**MATERIAL PROVIDED:**
━━━

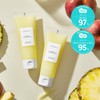GreyMellin 파인애플 마일드 필링젤 100ml Pineapple Mild Peeling Gel 100ml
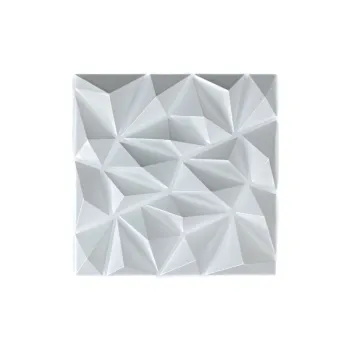Fashionable Funky Wall Stickers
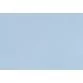 Soprema Premium light grey PVC pool liner, 1.65 m roll, Anti-slip Photo №1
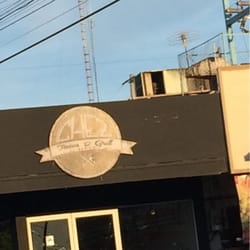 Chez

━━━

**THE PROBLEM:**
All of the material above should be reproduced exactly, except the pictures.

**WRITTEN ANSWER:**
GreyMellin 파인애플 마일드 필링젤 100ml Pineapple Mild Peeling Gel 100ml
Fashionable Funky Wall Stickers
 Soprema Premium light grey PVC pool liner, 1.65 m roll, Anti-slip Photo №1
 Chez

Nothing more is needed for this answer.